<<<<

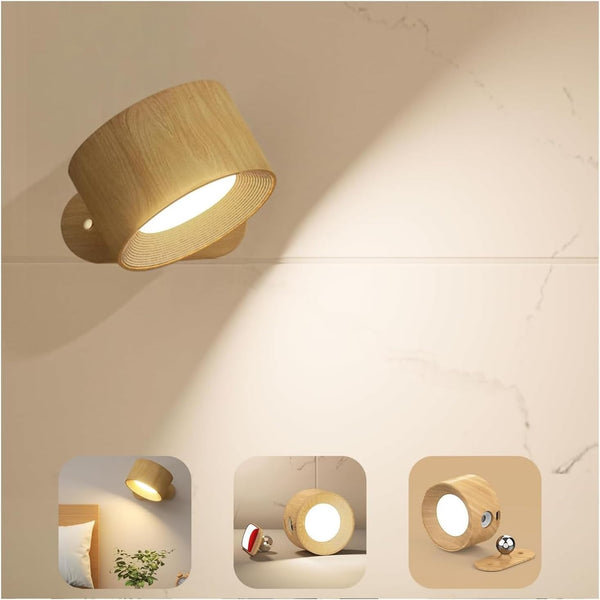 AKSDA Battery Operated Wall Light, LED Wall Sconce with 3 Color Modes,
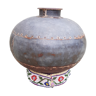 Old matka pot/vase in hammered zinc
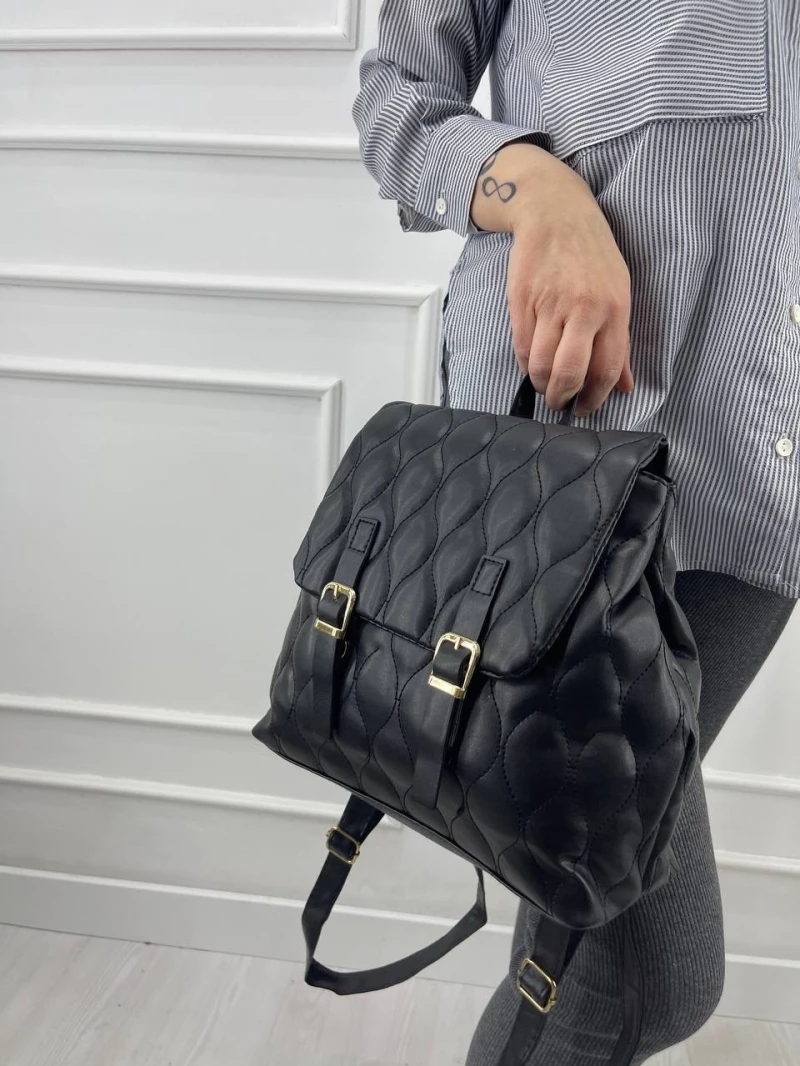 Black Color Quilted Backpack DND114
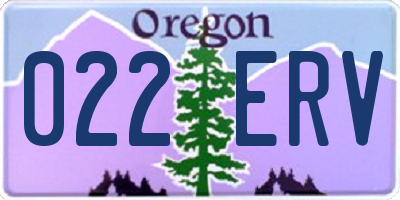 OR license plate 022ERV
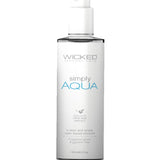 4 fl oz bottle of Simply Aqua fragrance-free water-based lubricant shown on a white background.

>>>>

What is being asked: Print exactly the lines from the line with "Old matka pot/vase in hammered zinc" through the end of the data, both ends included, and print no pictures.

Written solution:
 Old matka pot/vase in hammered zinc
 Black Color Quilted Backpack DND114
 OR license plate 022ERV
 4 fl oz bottle of Simply Aqua fragrance-free water-based lubricant shown on a white background.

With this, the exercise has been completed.